┌────────

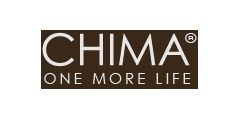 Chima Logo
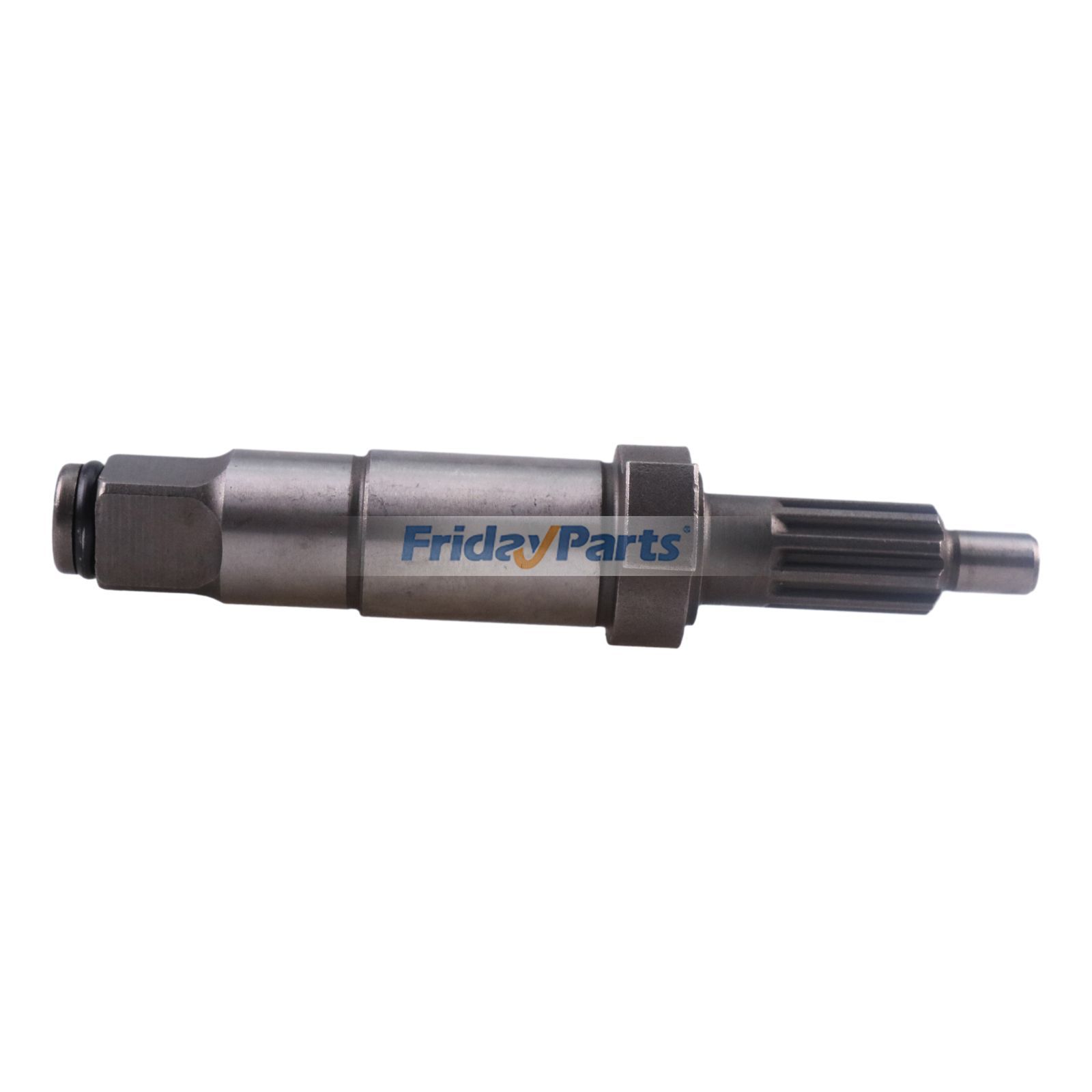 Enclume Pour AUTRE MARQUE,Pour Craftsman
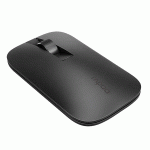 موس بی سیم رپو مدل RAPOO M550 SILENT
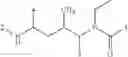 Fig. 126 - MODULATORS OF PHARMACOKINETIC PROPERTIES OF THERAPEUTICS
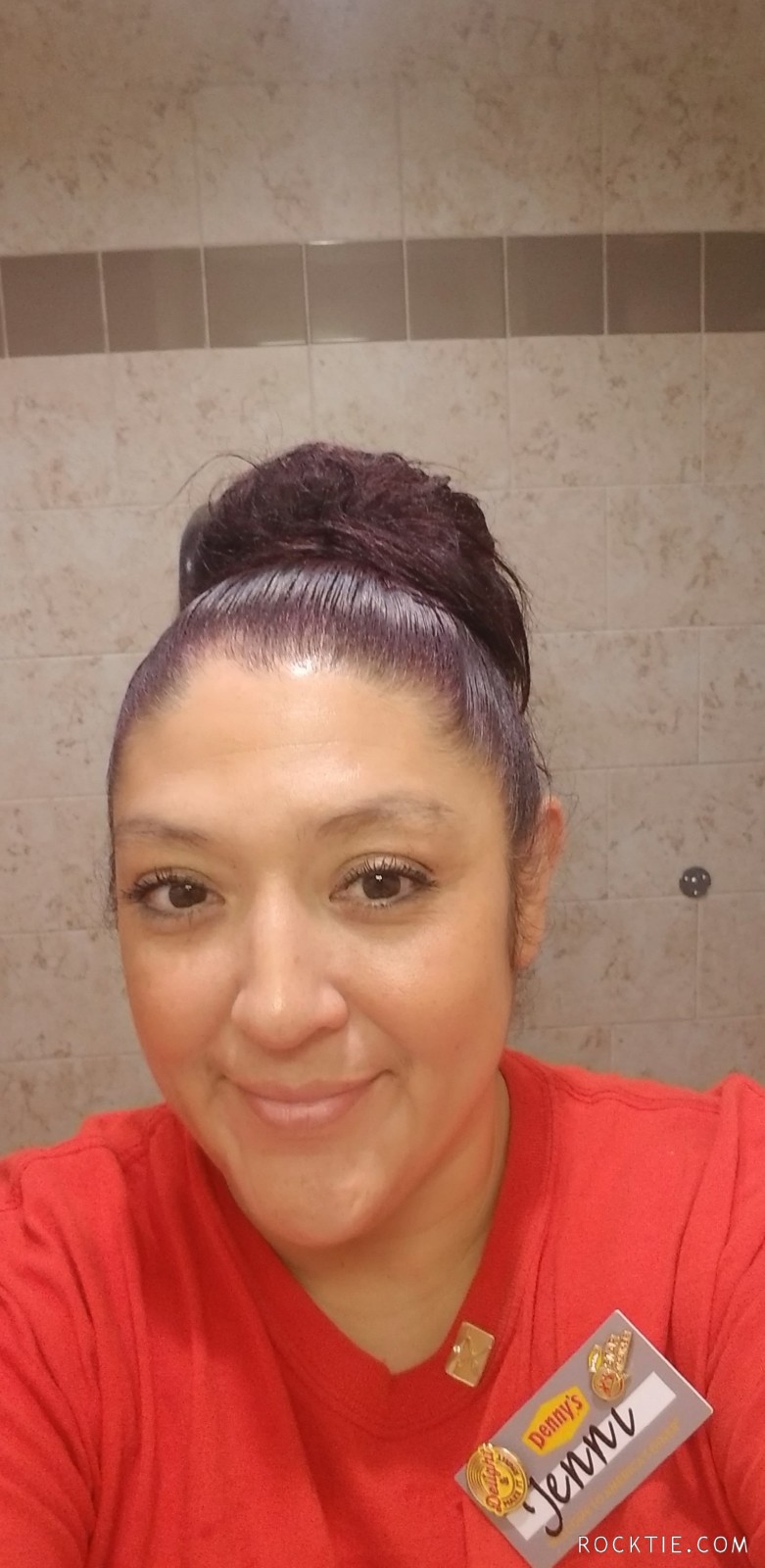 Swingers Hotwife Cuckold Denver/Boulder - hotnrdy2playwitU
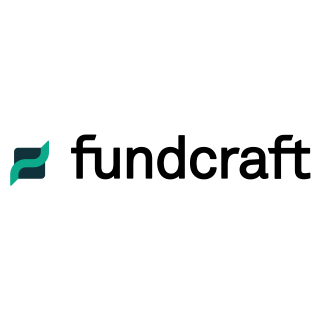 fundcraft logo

└────────
┌────────

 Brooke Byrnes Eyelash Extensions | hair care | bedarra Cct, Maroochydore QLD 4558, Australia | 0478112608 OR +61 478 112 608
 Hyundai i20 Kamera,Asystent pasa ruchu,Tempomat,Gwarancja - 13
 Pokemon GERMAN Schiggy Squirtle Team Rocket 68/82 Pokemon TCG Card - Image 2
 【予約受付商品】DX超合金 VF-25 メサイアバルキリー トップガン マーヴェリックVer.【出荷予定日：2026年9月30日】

└────────
┌────────

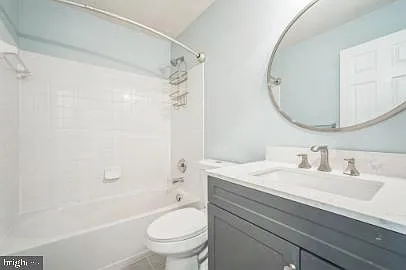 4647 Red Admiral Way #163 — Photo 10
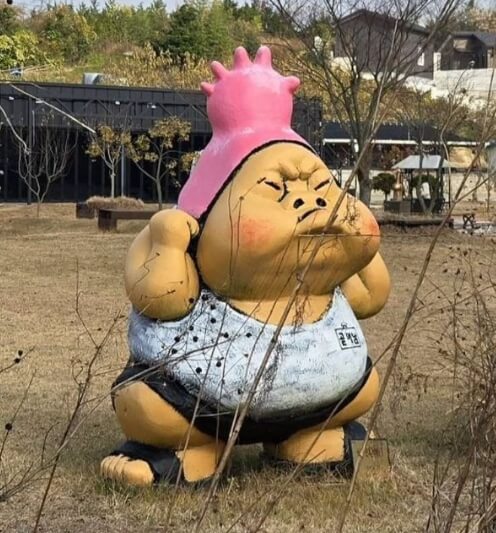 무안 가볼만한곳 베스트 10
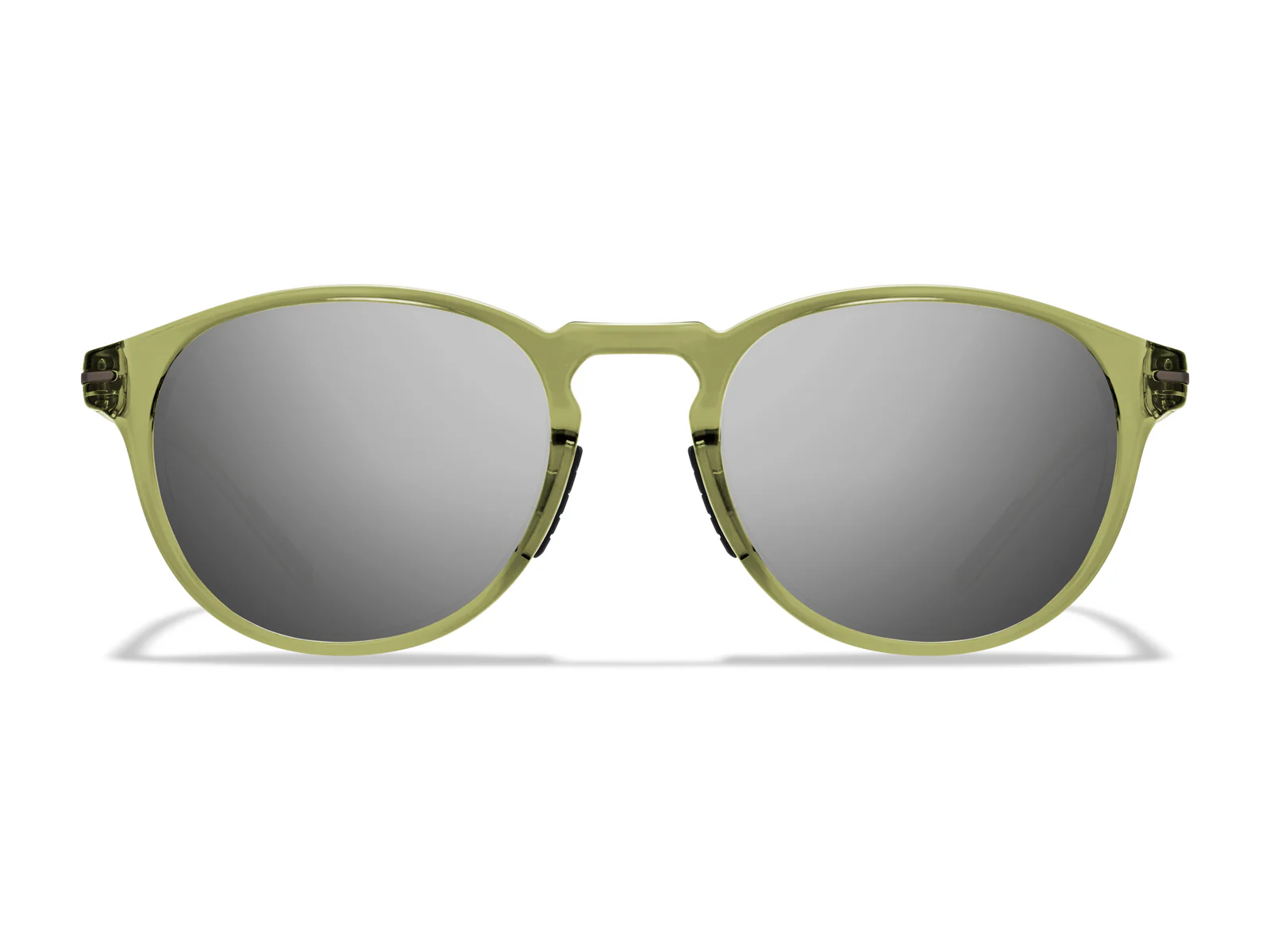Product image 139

└────────

● DIRECTIONS FOR THIS TASK
Above are records; repeat only the lines from the line with "Enclume Pour AUTRE MARQUE,Pour Craftsman" through the line with "fundcraft logo", and leave pictures out.

● RESULT OF THIS EXERCISE
 Enclume Pour AUTRE MARQUE,Pour Craftsman
 موس بی سیم رپو مدل RAPOO M550 SILENT
 Fig. 126 - MODULATORS OF PHARMACOKINETIC PROPERTIES OF THERAPEUTICS
 Swingers Hotwife Cuckold Denver/Boulder - hotnrdy2playwitU
 fundcraft logo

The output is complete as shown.